Once you go Lion you’ll Never Go Back
I saw Narnia. It was fantastic. The Great Lion, aka Aslan, was better than expected. I just wanted to pet his mane and ride him. Jon said he felt the same way about the rhino and Tracy the skunk, but I didn’t see any skunks …so I have to imagine was she was referring to. I kid. However, I think they did feel the same way about the lion. Just wait until you see the movie.
So I was walking back from work when I looked down and realized that I almost stepped in a gathering of what looked to be hash browns in a puddle of possibly tomato soup. With a sigh of relief I stepped around it. Puke? Too many hiawathas ‘round here.

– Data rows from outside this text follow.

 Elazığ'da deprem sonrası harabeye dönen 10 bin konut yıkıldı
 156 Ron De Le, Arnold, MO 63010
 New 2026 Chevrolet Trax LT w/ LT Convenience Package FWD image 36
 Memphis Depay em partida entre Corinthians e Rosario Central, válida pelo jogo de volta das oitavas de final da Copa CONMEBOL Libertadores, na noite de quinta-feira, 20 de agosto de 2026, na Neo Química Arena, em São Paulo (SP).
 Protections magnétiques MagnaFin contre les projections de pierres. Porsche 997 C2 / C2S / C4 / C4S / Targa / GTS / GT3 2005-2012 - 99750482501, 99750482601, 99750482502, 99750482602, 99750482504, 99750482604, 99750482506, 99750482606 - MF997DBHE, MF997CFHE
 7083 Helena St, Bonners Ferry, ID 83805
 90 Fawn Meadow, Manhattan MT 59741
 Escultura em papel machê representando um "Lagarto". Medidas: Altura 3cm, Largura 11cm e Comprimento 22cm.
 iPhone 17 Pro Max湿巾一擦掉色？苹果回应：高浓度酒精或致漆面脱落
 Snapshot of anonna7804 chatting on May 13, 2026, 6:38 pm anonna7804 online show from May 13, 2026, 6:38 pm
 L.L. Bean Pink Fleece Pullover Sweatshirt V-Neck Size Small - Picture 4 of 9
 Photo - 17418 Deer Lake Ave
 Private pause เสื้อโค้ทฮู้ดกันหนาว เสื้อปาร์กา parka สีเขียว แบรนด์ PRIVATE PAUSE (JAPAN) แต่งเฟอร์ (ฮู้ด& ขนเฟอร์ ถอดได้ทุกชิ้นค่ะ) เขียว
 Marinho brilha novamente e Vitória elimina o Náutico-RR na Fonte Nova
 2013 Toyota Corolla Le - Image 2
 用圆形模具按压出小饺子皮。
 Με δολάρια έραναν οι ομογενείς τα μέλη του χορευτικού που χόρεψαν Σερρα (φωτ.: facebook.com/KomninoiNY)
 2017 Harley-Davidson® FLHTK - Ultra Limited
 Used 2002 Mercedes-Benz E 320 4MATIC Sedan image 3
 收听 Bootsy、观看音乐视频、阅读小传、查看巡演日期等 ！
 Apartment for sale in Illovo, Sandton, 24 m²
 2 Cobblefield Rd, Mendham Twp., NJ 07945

I forgot to mention New Year’s resolutions. I forgot what I had in mind. How about ride a lion? Bah. You can make a resolution anytime. Don’t need to wait for the new year. Anyone got any good ones? Oh do share.
This is one of my favorite commercials. sigh, I love Meatloaf. But not as much as I love ninja p-nut.


Monday, January 02, 2006

I'm Naked Under My Clothes
HAPPY NEW YEARS PEOPLEs! Yah, so umm 20006. I mean 2006, I'm not that old. Come to think of it ...neither are you.
Well, I wanted to say new years was pretty good. I drank a lot of wine. I hope you dudes had fun. Now I am drinkin rum and wine slush. Yeah. HAPPY BIRTHDAY STEPHAN. You have to drink more and stop playing soccer. I wonder if Calvin boinked, ...boinked, a hula girl. Also if he brought one back for a nice gang bang ...I mean....
So I saw Wolf Creek earlier this week, fucked up. I wish I got to see Narnia instead, but, ah well. There's still time.

This is my last night for hardocre drinking before school starts. Man this has been the drinkng binge I've aways dreamed of. Sigh. I'm a bit under ther influences right now, so this is taking extra work I mean effort. Both. I'm even capitalizing. Give me some new years "good times" stories. Jon needs a boot to the bum.